Le cinéma world à tendance antonionienne est une catégorie bien définie où cohabitent en toute harmonie des films venus de tous horizons. Leur point commun ? Des plans qui durent, un sens du cadre qui se montre un peu trop à chaque plan, une identité « modernité digest » puisant à outrance dans les silences ou le paysagisme. Dans le pire des cas, cela donne le cinémakhmalbaf (ou plus récemment le syndrome Nuri Bilge Ceylan). Le système, puisque c’en est un, est éprouvé au-delà des frontières et fait bien souvent passer un film argentin pour un film taiwanais, iranien, tamoul ou irlandais – une sorte d’Internationale du bon goût cinéphile. Mais il peut aussi provoquer quelques heureuses surprises : c’est par chance le cas de cette Petite fille de la terre noire, qui doit probablement plus au talent de son cinéaste, bien identifié (en ses terres), qu’aux conditions qui l’ont vu propulsé brutalement au rang de découverte pour festivals. L’histoire est simple, proche du conte (un mineur de fond tente d’élever ses deux enfants malgré le chômage), le style froid et direct, le rythme impassible. La maîtrise est visible dans chaque séquence, bien que quelque chose résiste en permanence à cette évidence : partout l’intention semble précéder, jusqu’à la ronger imperceptiblement, la reconnaissance tranquille d’un vrai talent de mise-en-scène.

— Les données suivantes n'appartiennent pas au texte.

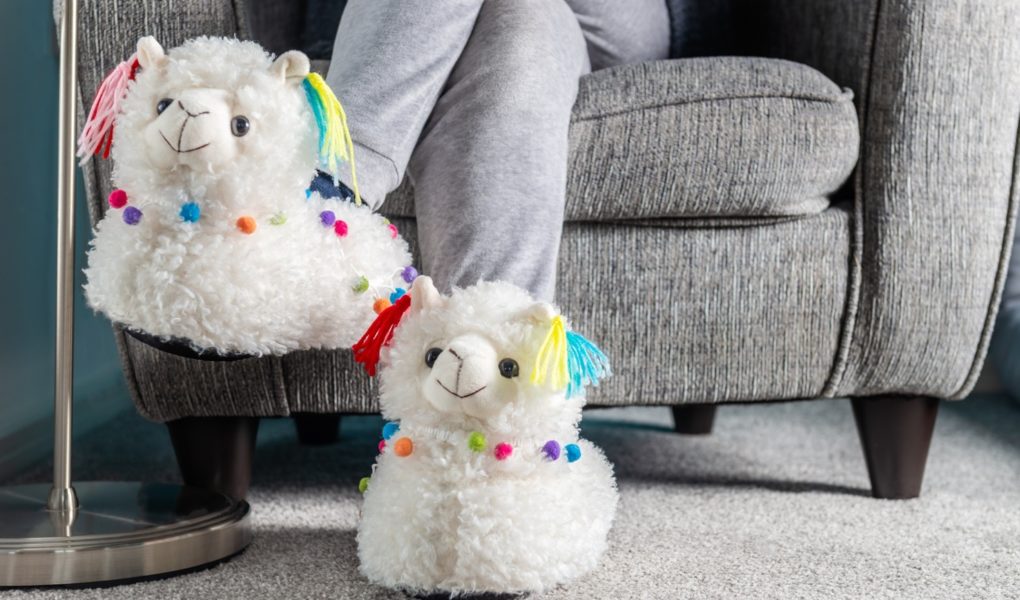 Femme assise dans son fauteuil avec des chaussons lama originaux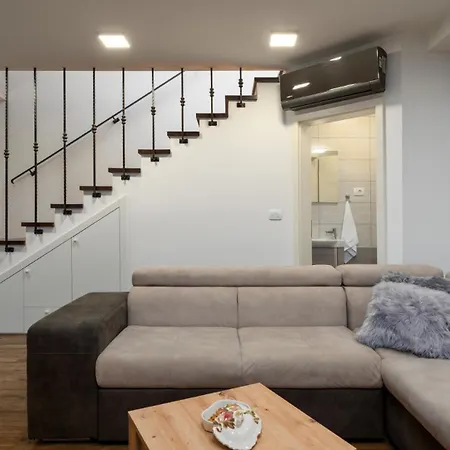 Rustic Stone House With Pool In Umag * Cepljani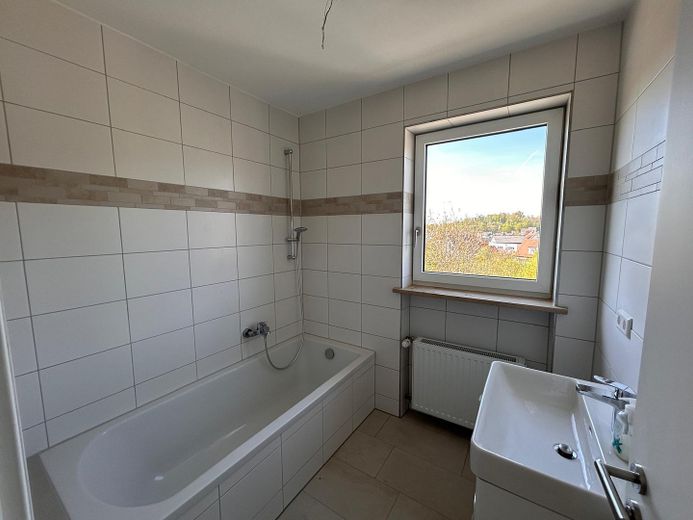 Bad mit Badewanne OG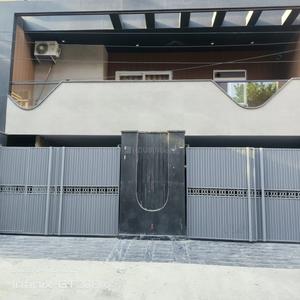 Image of 3240 Sq.ft 3 BHK Builder Floor for sale in Janakpuri, New Delhi for Rs. 36000000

Beau film, c’est entendu. Peu de cinéastes pourraient filmer avec une telle aisance le bonheur simple d’une chanson déployée le temps d’un travelling embarqué (la famille réunie dans la voiture) ou la recherche angoissée d’un enfant disparu (le fils attardé qui, du haut de sa cloche ne répond pas aux appels de sa petite soeur). Mais à force de se lover dans le plaisir de la retenue, le film se fige quelque peu, se rendant en permanence à son programme de clarté un peu scolaire. Inertie d’un scénario un peu trop écrit ? Croyance un peu fière en ses effets ? Probablement un peu des deux, mais surtout une volonté de bien faire qui finit par verrouiller la mise en scène et empêcher le récit de se laisser emporter vers la folie qu’appelle son mouvement d’enlisement, renvoyant dos à dos l’élan pur et l’intention d’auteur, l’effet et ses ficelles (le décorum du village minier, les métaphores un peu épaisses). Etrange paradoxe : le cinéma coréen est pulsionnel par essence, rendu plus que tout autre à l’empire des énergies et des circulations incontrôlées. N’en reste ici que la trace – une belle trace, mais comme naturalisée, neutralisée, montée en épingle. De là peut-être cette impression de collage entre cruauté et attention, une sorte de roman d’Hector Malot revu et corrigé par un cousin éloigné de Jia Zhangke (extraordinaire économie dans les plans documentaires au cœur de la mine). De la bonne ouvrage, c’est entendu.